### [ASSIGNMENT]
Each record must be copied in full and unchanged; any image it holds is excluded.

----

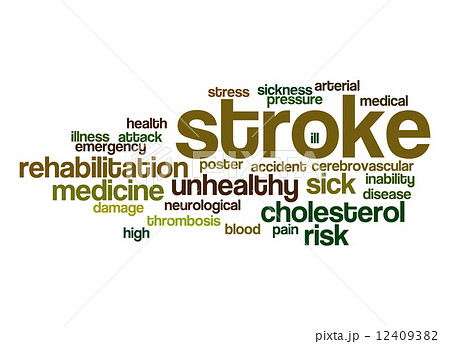 Stroke word cloud Stroke word cloud 12409382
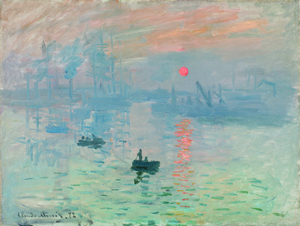 クロード・モネ《印象、日の出》Claude Monet Impression soleil levant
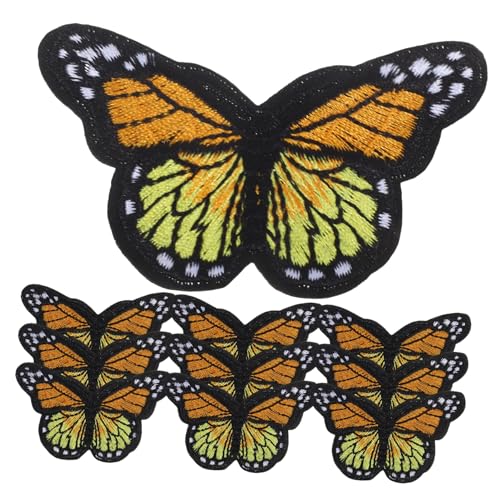 NUOBESTY 10 Stück Iron Dekorative Stickerei Patches für Diy Bekleidung Jacken Taschen und Accessoires Kreative Verbesserungen für Ihre Outfits von NUOBESTY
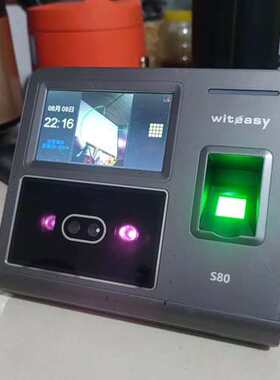 适用高端智能witeasy 人脸指纹识别考勤机  功能正常，成色议价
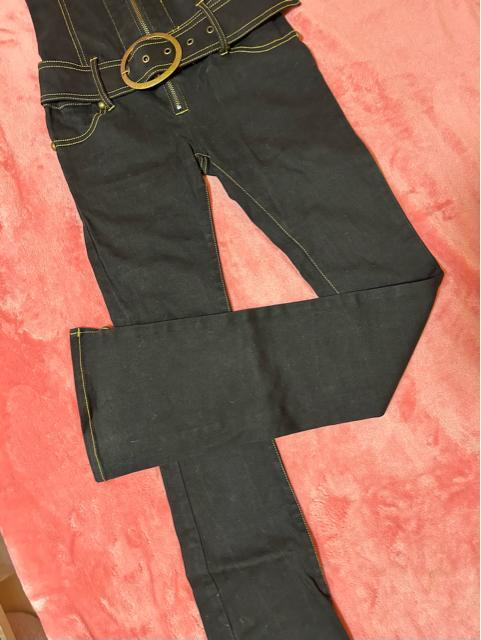 d.i.a.  ブラックデニム フロントクロスジッパー  ベアトップオールインワン ジャンプスーツ 新品未使用 < ブランド  d.i.a.  ブラックデニム フロントクロスジッパー  ベアトップオールインワン ジャンプスーツ 新品未使用 < ブランドの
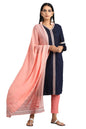 W for Woman Women's Rayon Pleated Kurta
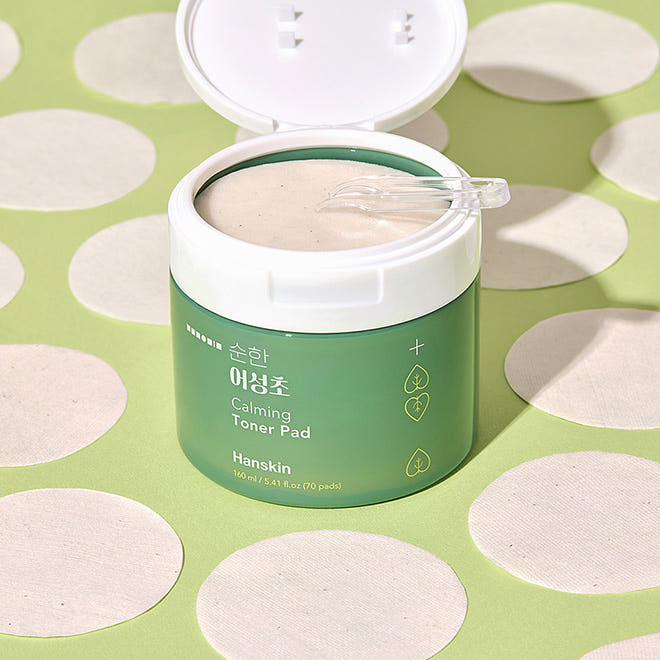 ProtoClinical k-beauty soft green beauty graphic with pale cream edges on a light background.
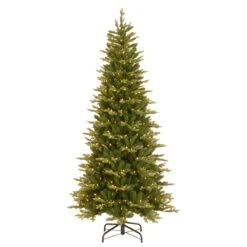 National Tree Company 7.5 Ft PowerConnect(TM) Glen Ridge Slim Spruce With Clear Lights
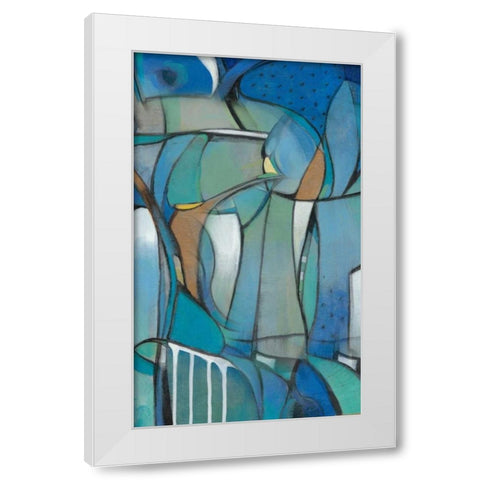 Rose Bud I White Modern Wood Framed Art Print by OToole, Tim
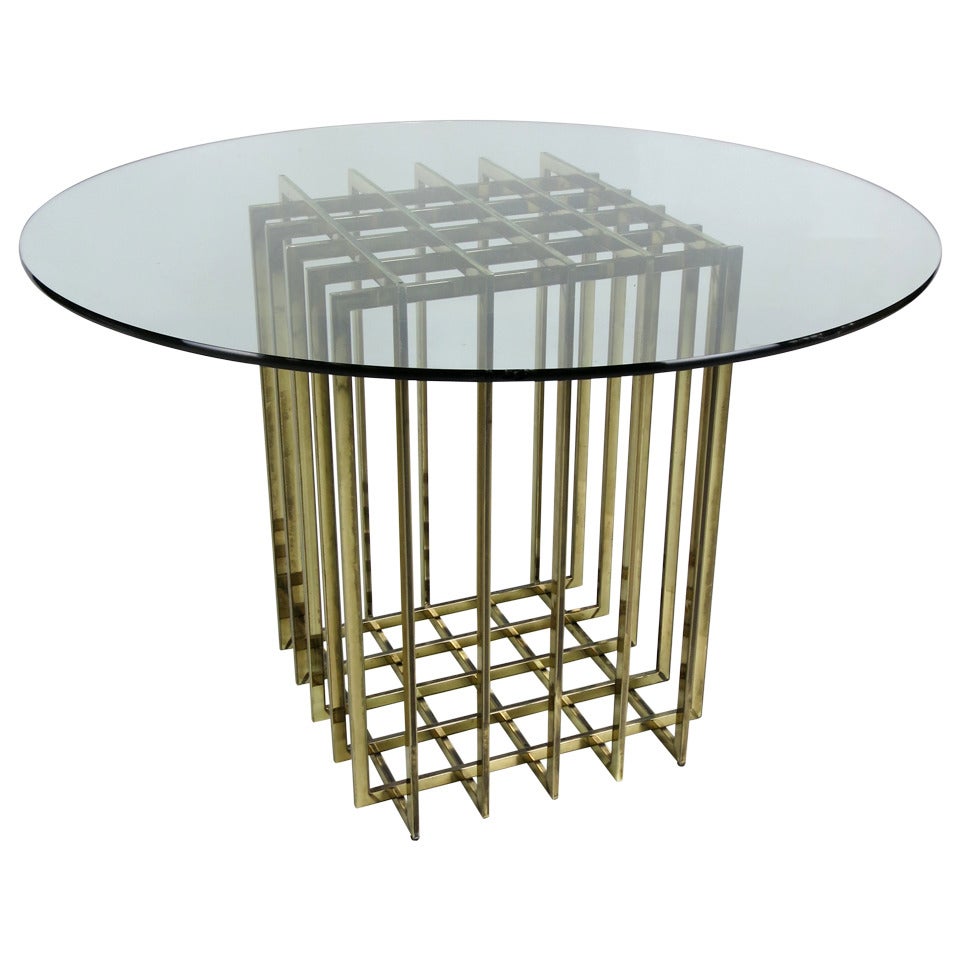 Pierre Cardin Cage Form Dining Table Base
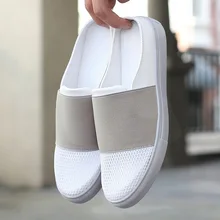 Г., летние тапочки мужские дышащие пляжные вьетнамки унисекс, повседневные сандалии на плоской подошве без застежки мужская обувь, zapatos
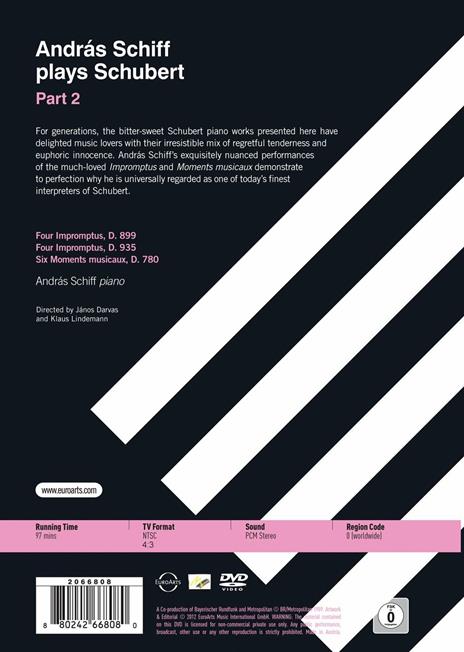 András Schiff plays Schubert. Vol. 2 (DVD) - DVD di Franz Schubert,Andras Schiff - 2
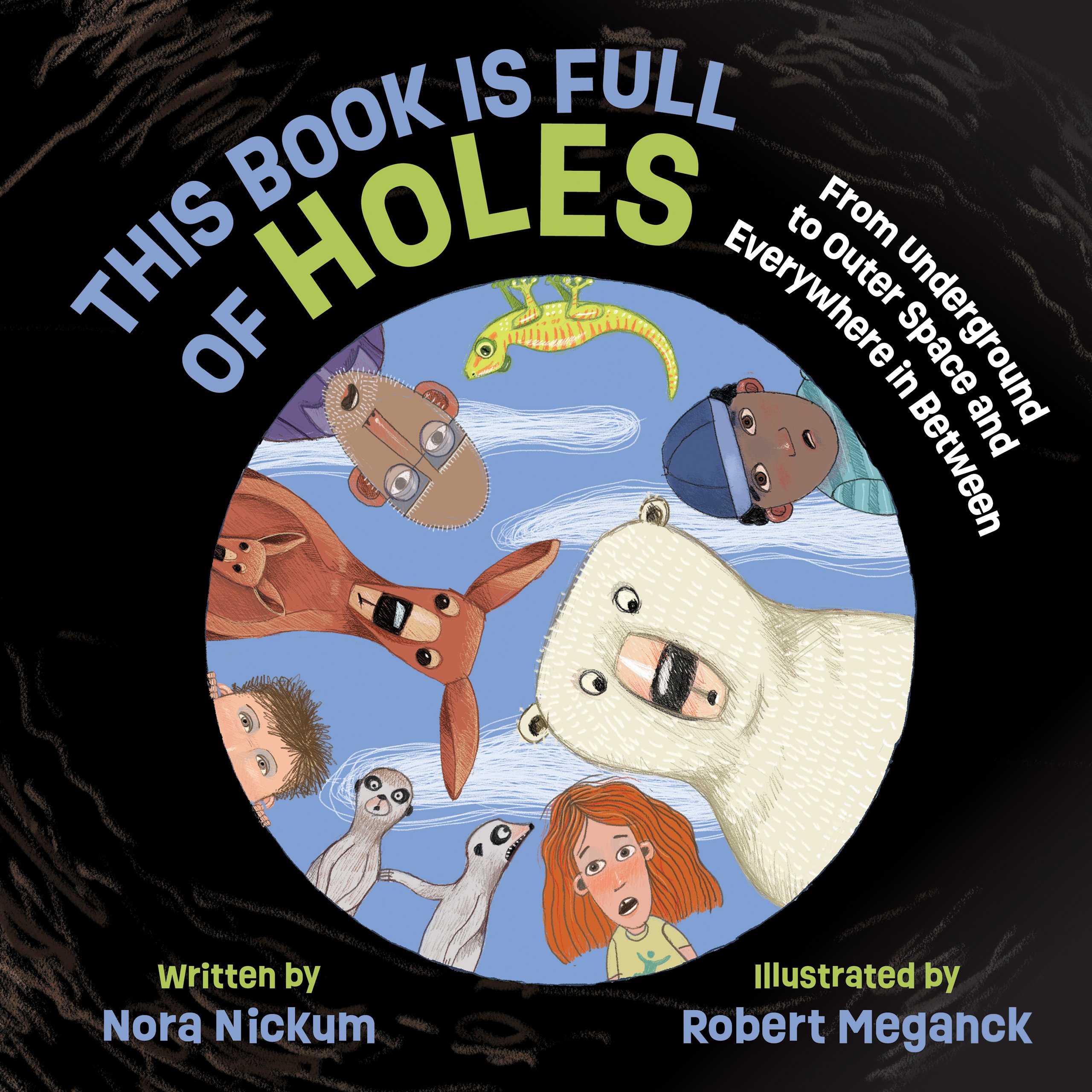 This Book Is Full of Holes by Nora Nickum, Illustrated by Robert Meganck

----

### [RESPONSE TO THE TASK]
 Stroke word cloud Stroke word cloud 12409382
 クロード・モネ《印象、日の出》Claude Monet Impression soleil levant
 NUOBESTY 10 Stück Iron Dekorative Stickerei Patches für Diy Bekleidung Jacken Taschen und Accessoires Kreative Verbesserungen für Ihre Outfits von NUOBESTY
 适用高端智能witeasy 人脸指纹识别考勤机  功能正常，成色议价
 d.i.a.  ブラックデニム フロントクロスジッパー  ベアトップオールインワン ジャンプスーツ 新品未使用 < ブランド  d.i.a.  ブラックデニム フロントクロスジッパー  ベアトップオールインワン ジャンプスーツ 新品未使用 < ブランドの
 W for Woman Women's Rayon Pleated Kurta
 ProtoClinical k-beauty soft green beauty graphic with pale cream edges on a light background.
 National Tree Company 7.5 Ft PowerConnect(TM) Glen Ridge Slim Spruce With Clear Lights
 Rose Bud I White Modern Wood Framed Art Print by OToole, Tim
 Pierre Cardin Cage Form Dining Table Base
 Г., летние тапочки мужские дышащие пляжные вьетнамки унисекс, повседневные сандалии на плоской подошве без застежки мужская обувь, zapatos
 András Schiff plays Schubert. Vol. 2 (DVD) - DVD di Franz Schubert,Andras Schiff - 2
 This Book Is Full of Holes by Nora Nickum, Illustrated by Robert Meganck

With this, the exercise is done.